§ WHAT THE EXERCISE ASKS: The copy should run from the line containing "a man with red" through the last line of the entries below, exactly as written, with pictures omitted.
<<<<
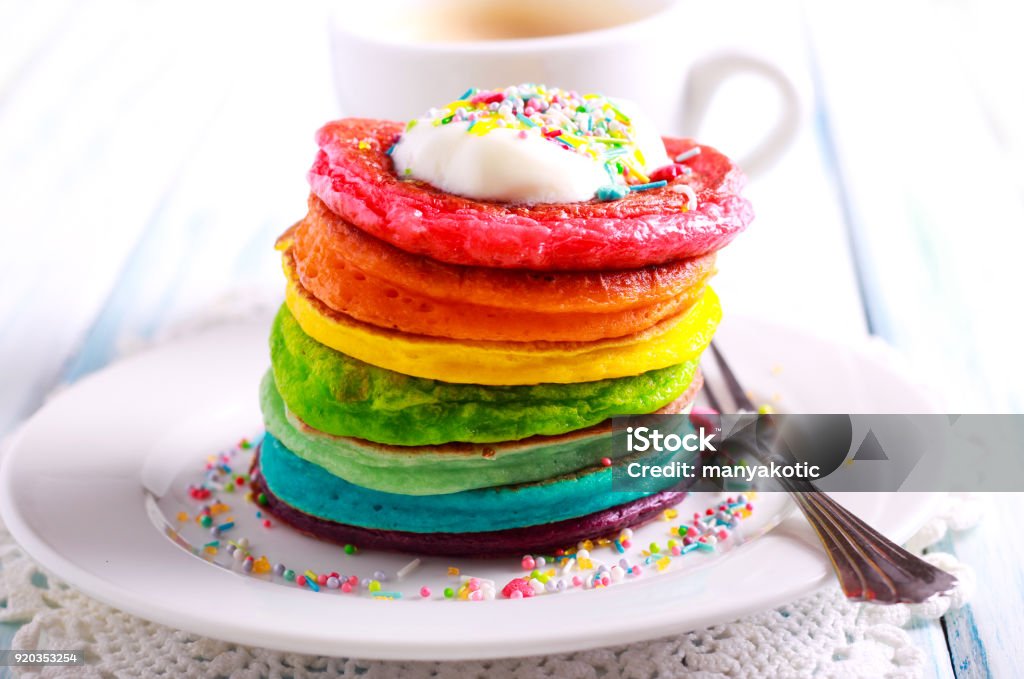 Rainbow pancakes, served in pile Rainbow pancakes, served in pile on plate Rainbow Stock Photo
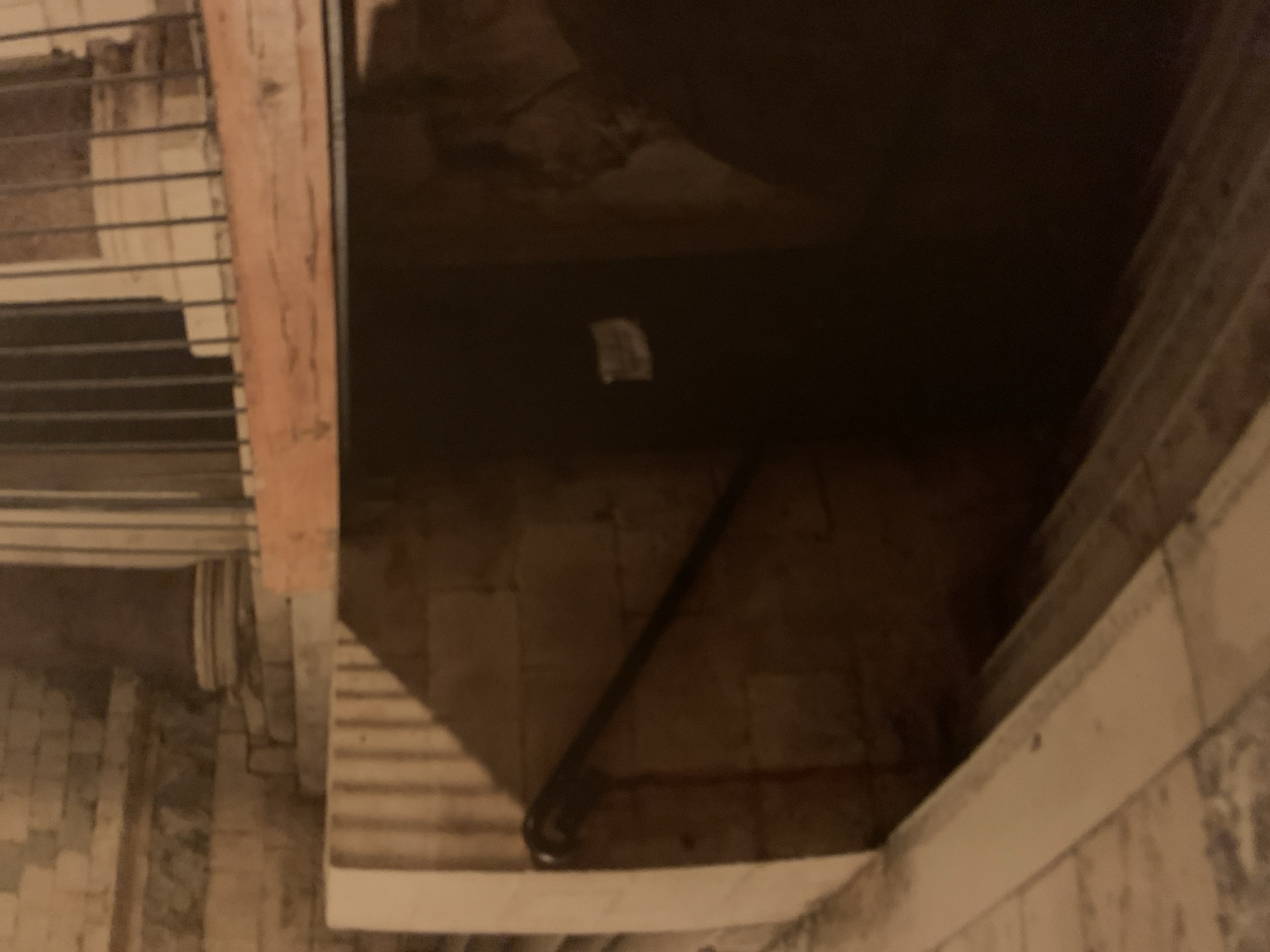 The image depicts a dark, confined space, possibly an undercroft or basement. The walls are constructed of stone or brick, with visible signs of wear and discoloration. A metal railing or pipe runs along the floor. There is a small piece of white paper on the floor as well. The location is the crypt of the Sagrada Familia church in Barcelona, Spain. A structural detail of the crypt is evident on the top left, while the lower right showcases the start of a stairway.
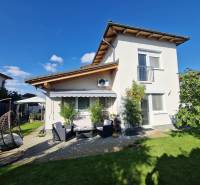 A family house in Piešťany on Jachtárska Street with a garden and terrace seating.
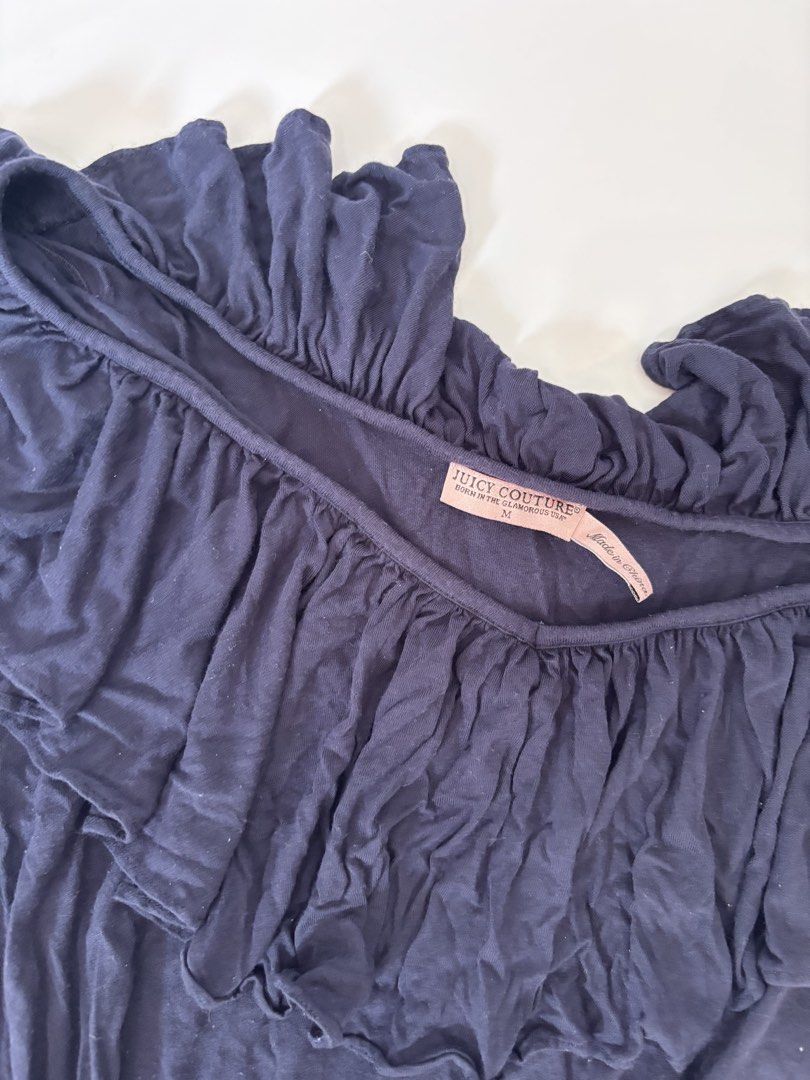 Juicy Couture Navy Blue Ruffle Off-Shoulder Top (Category: Blouses) located in Binan City. Submitted by byhiraeth (Listing ID 1456764034, Image 3). Description: - Juicy Couture navy blue off-shoulder top - Size: Medium (M) - Features cute ruffle details on neckline and sleeves - Made from soft and flowy material - Perfect for dressing up or down.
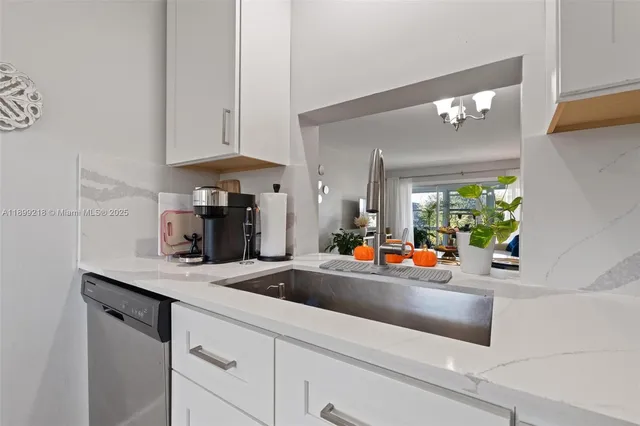 a kitchen with white cabinets and a sink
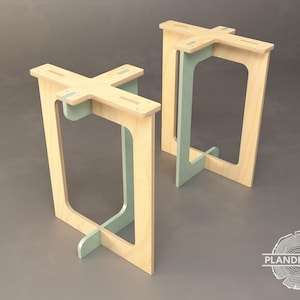Op de afbeelding: Twee houten krukjes met een lichte houtkleur en lichtblauwe accenten. De krukjes hebben een uniek ontwerp met een kruisvormige basis en een rechthoekig bovenblad.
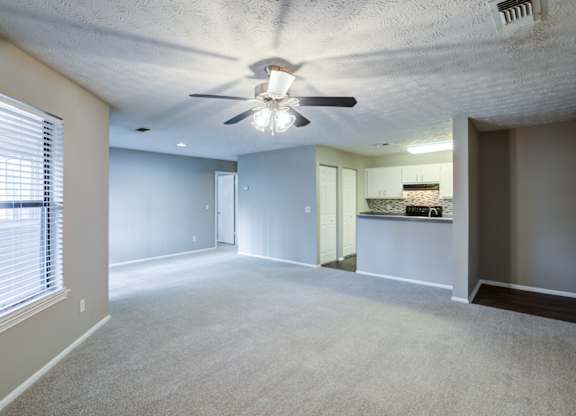 A spacious room with a ceiling fan and a window with blinds at Southland Station Apartments in Warner Robins, 31088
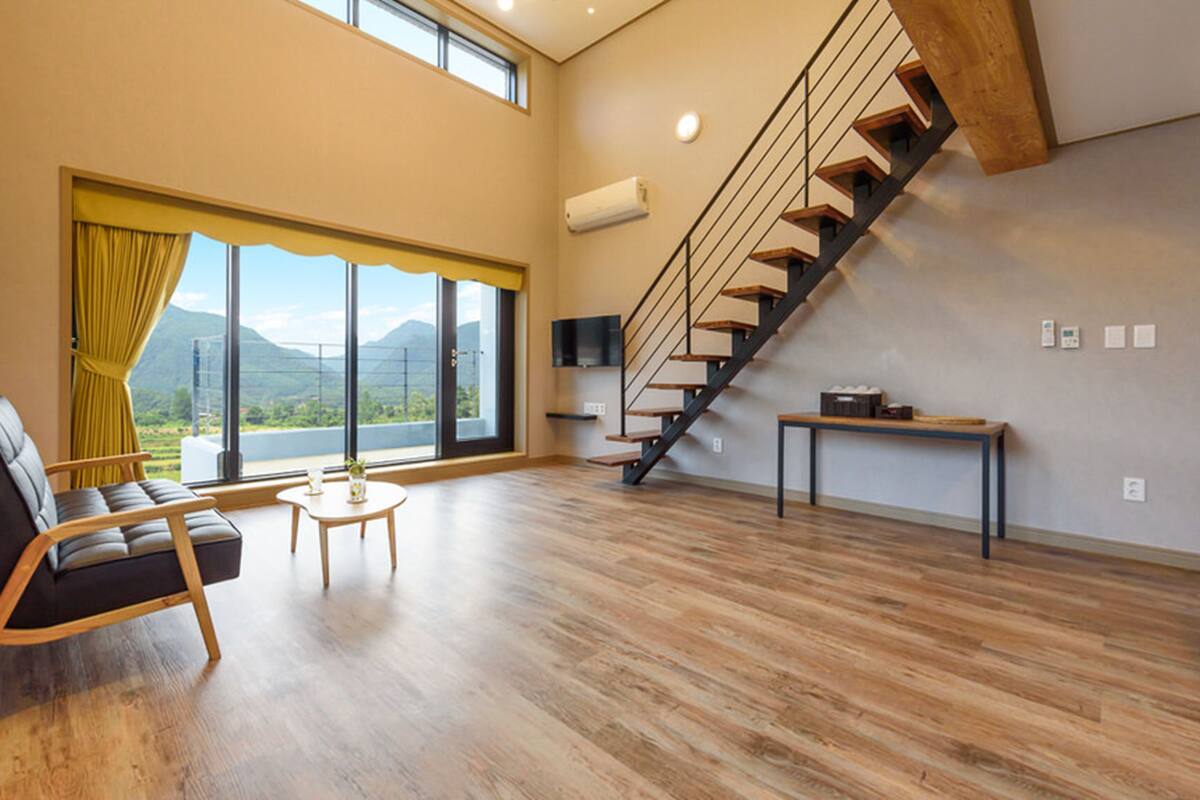Ein geräumiges Wohnzimmer mit Holzboden, einer Couch, einem kleinen Tisch, einer Treppe und einem großen Fenster mit Blick auf die Berge.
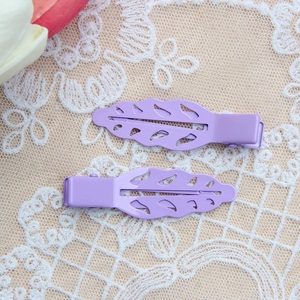 Elegant set of two purple leaf-shaped alloy hair clips on vintage lace fabric backdrop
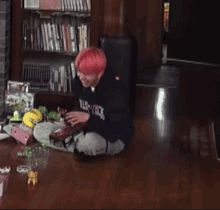 a man with red hair is laying on the floor in front of a bookshelf with foreign writing on it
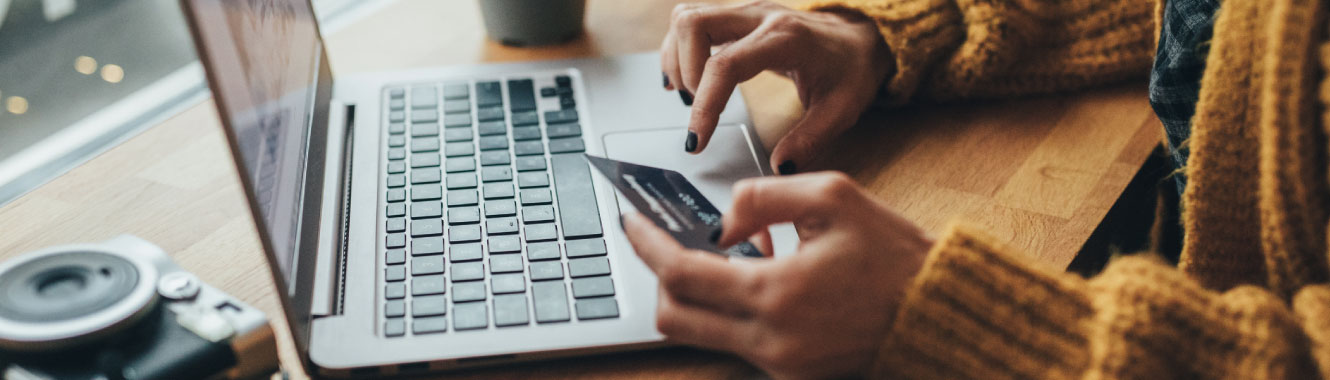 Close up of a woman's hands. One hand is holding a credit card while the other is using a laptop.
>>>>
§ WRITTEN ANSWER:
 a man with red hair is laying on the floor in front of a bookshelf with foreign writing on it
 Close up of a woman's hands. One hand is holding a credit card while the other is using a laptop.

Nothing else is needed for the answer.